[AVAILABLE DATA — start]

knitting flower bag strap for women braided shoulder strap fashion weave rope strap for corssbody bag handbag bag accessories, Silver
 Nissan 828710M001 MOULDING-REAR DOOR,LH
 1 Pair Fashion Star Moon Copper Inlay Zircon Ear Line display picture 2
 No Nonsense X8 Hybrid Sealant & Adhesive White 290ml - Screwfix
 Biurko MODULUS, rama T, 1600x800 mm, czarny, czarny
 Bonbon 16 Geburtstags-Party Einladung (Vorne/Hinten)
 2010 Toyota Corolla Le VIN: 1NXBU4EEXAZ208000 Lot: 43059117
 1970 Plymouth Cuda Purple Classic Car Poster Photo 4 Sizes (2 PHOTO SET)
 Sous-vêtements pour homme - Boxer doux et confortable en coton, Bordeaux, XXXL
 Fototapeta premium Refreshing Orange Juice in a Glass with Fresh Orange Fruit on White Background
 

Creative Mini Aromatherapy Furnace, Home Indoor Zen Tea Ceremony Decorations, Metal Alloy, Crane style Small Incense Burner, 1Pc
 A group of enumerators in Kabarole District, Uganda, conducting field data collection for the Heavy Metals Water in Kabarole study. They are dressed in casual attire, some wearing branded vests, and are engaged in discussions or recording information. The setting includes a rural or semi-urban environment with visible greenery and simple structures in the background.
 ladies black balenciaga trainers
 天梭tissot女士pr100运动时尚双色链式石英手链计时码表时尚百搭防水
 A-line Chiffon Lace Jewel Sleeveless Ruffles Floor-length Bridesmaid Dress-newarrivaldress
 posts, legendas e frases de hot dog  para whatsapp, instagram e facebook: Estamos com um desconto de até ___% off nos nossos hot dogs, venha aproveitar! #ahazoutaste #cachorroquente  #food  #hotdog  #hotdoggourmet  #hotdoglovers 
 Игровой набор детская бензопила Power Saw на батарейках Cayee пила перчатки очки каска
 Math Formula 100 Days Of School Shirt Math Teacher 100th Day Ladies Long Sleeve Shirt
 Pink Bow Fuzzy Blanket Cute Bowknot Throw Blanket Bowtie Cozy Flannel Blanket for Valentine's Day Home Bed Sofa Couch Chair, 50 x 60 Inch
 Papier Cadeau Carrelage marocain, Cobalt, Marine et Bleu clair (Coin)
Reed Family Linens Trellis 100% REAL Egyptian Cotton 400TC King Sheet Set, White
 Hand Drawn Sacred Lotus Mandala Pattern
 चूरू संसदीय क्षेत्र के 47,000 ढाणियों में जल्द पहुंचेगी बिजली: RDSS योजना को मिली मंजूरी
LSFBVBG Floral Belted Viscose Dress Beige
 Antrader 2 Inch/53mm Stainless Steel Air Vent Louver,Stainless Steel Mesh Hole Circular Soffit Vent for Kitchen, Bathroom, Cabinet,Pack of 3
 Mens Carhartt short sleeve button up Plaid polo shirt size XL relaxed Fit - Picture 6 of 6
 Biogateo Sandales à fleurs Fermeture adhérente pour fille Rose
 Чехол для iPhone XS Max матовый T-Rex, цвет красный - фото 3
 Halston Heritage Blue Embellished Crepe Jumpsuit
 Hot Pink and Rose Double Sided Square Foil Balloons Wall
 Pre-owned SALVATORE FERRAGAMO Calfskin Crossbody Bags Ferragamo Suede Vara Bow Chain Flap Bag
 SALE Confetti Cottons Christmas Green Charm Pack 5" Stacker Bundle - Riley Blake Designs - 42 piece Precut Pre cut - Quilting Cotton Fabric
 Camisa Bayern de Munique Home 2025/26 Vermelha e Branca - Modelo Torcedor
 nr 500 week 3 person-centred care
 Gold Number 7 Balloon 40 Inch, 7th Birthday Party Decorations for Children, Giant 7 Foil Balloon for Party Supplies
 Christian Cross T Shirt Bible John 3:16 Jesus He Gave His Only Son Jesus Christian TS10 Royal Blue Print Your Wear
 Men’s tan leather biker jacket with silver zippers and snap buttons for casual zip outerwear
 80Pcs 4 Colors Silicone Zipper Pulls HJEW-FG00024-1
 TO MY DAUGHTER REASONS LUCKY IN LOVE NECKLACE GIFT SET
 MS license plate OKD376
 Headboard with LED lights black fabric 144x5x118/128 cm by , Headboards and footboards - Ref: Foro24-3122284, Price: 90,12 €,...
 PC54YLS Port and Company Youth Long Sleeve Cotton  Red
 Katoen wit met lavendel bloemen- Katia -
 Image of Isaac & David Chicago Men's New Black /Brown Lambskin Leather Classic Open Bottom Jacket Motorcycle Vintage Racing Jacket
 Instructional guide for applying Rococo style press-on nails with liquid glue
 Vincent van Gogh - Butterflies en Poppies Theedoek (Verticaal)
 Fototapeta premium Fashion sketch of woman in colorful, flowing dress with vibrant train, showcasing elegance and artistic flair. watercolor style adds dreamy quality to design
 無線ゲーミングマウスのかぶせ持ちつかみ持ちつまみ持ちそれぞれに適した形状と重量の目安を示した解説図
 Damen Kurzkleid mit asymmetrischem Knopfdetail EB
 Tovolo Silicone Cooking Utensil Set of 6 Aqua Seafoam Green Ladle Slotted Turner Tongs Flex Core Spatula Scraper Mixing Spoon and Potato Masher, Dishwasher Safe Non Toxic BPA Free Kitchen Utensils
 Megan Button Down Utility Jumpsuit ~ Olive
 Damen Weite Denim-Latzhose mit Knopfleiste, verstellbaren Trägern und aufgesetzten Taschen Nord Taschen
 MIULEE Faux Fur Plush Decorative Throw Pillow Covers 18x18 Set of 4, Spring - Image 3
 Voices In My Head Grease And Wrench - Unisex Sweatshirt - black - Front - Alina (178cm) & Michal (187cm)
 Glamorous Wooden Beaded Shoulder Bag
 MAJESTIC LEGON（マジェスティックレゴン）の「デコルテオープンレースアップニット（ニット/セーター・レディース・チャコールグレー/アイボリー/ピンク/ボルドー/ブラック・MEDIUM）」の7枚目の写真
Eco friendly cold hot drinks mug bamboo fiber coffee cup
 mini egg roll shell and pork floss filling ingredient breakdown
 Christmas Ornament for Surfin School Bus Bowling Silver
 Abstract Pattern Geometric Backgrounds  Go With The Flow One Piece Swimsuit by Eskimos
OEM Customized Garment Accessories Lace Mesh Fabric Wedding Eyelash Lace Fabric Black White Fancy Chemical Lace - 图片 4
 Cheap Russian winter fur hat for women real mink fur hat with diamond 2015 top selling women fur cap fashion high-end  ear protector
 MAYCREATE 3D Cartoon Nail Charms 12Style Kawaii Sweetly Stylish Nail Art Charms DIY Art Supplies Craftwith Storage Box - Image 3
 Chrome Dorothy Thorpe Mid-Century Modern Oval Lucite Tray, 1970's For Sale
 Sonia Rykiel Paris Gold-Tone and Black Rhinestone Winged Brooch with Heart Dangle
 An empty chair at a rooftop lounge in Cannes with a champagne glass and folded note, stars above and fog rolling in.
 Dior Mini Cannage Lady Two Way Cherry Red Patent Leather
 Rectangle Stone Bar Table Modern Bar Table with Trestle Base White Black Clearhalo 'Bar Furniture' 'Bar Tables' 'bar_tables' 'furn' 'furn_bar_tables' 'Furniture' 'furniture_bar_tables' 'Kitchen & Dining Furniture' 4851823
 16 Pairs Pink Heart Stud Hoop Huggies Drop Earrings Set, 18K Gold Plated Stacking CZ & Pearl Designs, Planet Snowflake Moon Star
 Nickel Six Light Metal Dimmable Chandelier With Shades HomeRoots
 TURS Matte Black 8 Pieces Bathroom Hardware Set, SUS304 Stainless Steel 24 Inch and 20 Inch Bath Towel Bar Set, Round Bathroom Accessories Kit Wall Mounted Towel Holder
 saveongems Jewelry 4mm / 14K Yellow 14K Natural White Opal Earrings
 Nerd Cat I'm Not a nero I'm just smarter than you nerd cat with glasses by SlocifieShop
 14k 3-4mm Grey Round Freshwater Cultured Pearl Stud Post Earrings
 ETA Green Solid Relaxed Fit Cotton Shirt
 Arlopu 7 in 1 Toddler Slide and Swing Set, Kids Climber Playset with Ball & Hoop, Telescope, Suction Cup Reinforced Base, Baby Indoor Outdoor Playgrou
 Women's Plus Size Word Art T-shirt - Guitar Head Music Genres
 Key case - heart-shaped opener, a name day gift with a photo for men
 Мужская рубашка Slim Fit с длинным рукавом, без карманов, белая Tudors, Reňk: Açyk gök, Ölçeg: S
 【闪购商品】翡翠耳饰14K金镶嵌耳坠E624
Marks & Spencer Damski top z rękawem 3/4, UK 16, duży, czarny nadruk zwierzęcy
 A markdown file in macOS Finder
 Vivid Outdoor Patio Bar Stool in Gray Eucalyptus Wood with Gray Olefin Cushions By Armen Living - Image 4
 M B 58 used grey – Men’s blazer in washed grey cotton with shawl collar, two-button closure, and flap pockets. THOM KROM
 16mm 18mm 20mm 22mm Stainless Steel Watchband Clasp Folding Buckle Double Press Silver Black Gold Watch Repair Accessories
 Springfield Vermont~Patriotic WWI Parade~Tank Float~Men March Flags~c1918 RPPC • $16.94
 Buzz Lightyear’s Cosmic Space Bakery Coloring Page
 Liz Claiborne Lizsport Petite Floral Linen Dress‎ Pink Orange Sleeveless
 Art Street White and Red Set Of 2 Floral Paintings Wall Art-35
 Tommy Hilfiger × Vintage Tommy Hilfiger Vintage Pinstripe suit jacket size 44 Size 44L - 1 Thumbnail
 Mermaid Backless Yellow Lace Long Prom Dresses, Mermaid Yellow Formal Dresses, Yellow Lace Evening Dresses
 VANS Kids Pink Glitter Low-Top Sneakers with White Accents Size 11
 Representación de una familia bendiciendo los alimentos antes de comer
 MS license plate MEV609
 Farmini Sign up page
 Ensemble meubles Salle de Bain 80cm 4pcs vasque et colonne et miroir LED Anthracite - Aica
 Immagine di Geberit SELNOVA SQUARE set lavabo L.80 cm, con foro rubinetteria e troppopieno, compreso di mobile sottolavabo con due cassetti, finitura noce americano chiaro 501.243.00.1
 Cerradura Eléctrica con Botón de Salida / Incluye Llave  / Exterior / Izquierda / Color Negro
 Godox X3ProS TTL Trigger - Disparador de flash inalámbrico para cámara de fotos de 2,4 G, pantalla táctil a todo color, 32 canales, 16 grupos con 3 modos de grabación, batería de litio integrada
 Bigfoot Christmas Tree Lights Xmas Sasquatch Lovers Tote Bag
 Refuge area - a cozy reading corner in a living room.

[AVAILABLE DATA — finish]

• _WORK REQUEST_
What are the lines, exactly as written above, from the line with "Vincent van Gogh" to the line with "Damen Kurzkleid mit", both included? Output only those.

• _ANSWER TO THE PROBLEM_
 Vincent van Gogh - Butterflies en Poppies Theedoek (Verticaal)
 Fototapeta premium Fashion sketch of woman in colorful, flowing dress with vibrant train, showcasing elegance and artistic flair. watercolor style adds dreamy quality to design
 無線ゲーミングマウスのかぶせ持ちつかみ持ちつまみ持ちそれぞれに適した形状と重量の目安を示した解説図
 Damen Kurzkleid mit asymmetrischem Knopfdetail EB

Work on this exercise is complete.